Suddenly he stood up and she watched him as he pulled off his shirt and breeches. When he came back to the sofa and stood in front of her

he did not have to guide her hands and she reached for him naturally. She gazed at his sex as she slid back the loose skin to reveal the shiny plum-coloured head, as he had taught her. Then he reached down, removed her hands and sank to the floor in front of her. He pushed apart her knees and laid her back on the velvet-covered sofa. He lowered his face and she felt his moustaches tickling the inside of her thighs, then moving higher.

"What are you doing?" she cried, with alarm. He had not done this before, and she tried to sit up. He held her down and suddenly she cried out and sank her fingernails into his shoulders. His mouth had settled on her most secret parts. The sensation was so intense that she feared for a moment she might faint.

It was not every night that he came down the spiral staircase to fetch her. On many nights there was the rumble of carriage wheels on the cobbled streets below Louisa's window. She blew out her candle and peeped through the curtains to watch Mijnheer van Ritters' guests arriving for another banquet or fashionable soiree. Long after they had left she lay awake, hoping to hear his footstep on the staircase, but she was usually disappointed.

For weeks or even months at a time he was gone, sailing on one of his fine ships to places with strange and evocative names. While he was gone she was restless and bored. She found that she was even impatient with Gertruda, and unhappy with herself.

When he came back his presence filled the great house, and even the other servants were enlivened and excited by it. Suddenly all the waiting and pining were as if they had never happened as she heard him descending the staircase and leaped from her bed to meet him as he stepped through the secret door in the panelling. After that he devised a signal to summon her to his chamber so that he no longer had to come down to fetch her. At dinner time he would send a footman to deliver a red rose to Gertruda. None of the servants who delivered the bloom thought it odd: they all knew that Mijnheer had an inexplicable affection for his ugly slow-witted daughter. But on those nights the door at the top of the spiral staircase was unlocked, and when Louisa stepped through he was waiting for her.
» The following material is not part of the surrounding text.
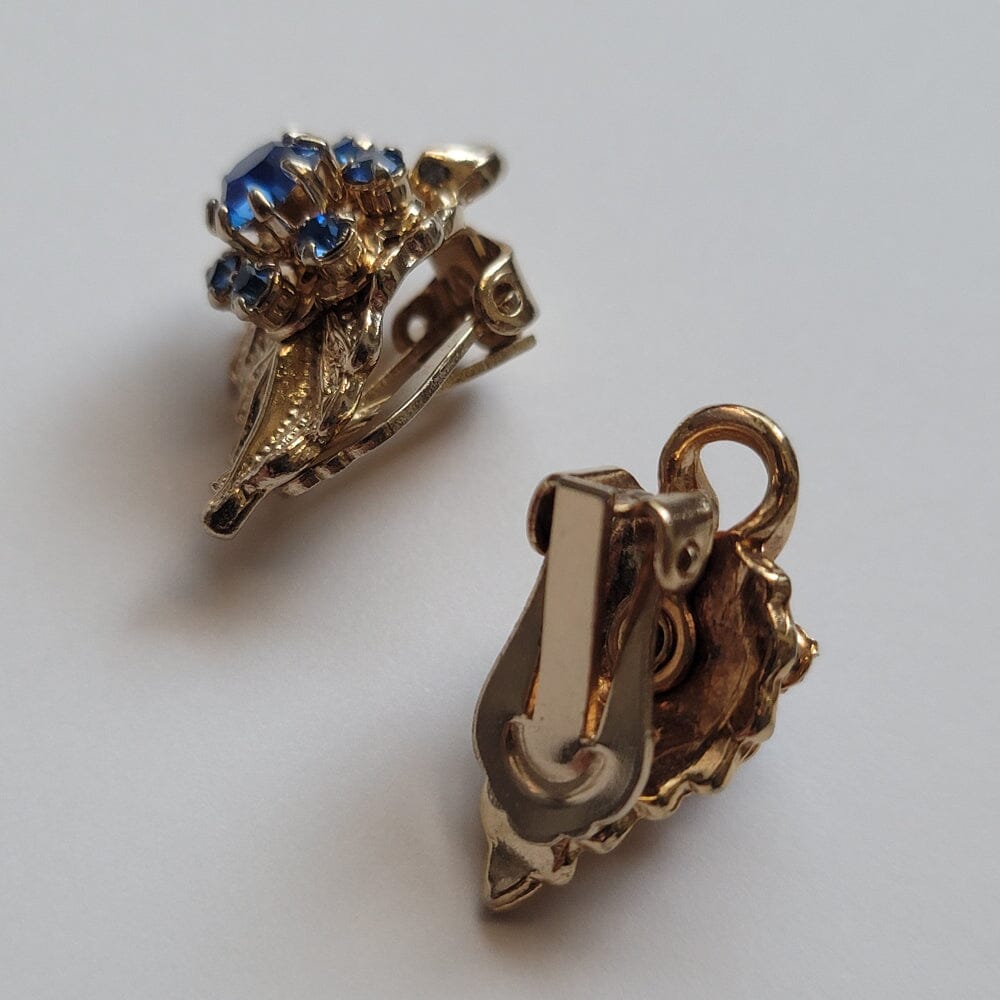
                  
                    Blue Gem Flower and Gold Leaf Accessories Herbalaria LLC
These meetings were never the same. Every time he invented some new game for them to act out. He made her dress in fantastic costumes, play the role of milkmaid, stable-boy or princess. Sometimes he made her wear masks, the heads of demons and wild animals.

On other evenings they would study the pictures in the green book, and then enact the scenes they depicted. The first time he showed her the picture of the girl lying under the boy and his shaft buried in her to the hilt, she did not believe it was possible. But he was gentle, patient and considerate, so that when it happened there was little pain and only a few drops of her virgin blood on the sheets of the wide bed. Afterwards she felt a great sense of accomplishment and when she was alone she studied her lower body with awe. It amazed her that the parts she had been taught were unclean and sinful could be the seat of such delights. She was convinced now that there was nothing more that he could teach her. She believed that she had been able to pleasure him, and herself, in every conceivable way. But she was wrong.

He went away on one of his seemingly interminable voyages, this time to a place called St. Petersburg in Russia to visit the court of Pyotr Alekseyevich, whom other men called Peter the Great, and to expand his interests in the trade in precious furs. When he returned Louisa was in a fever of excitement, and this time she did not have long to wait for his summons. That evening a footman delivered a single red rose to Gertruda while Louisa was cutting up her roasted chicken.

"Why are you so happy, Louisa?" Gertruda demanded, as she danced around the bedroom.

"Because I love you, Gertie, and I love everybody in the world," Louisa sang.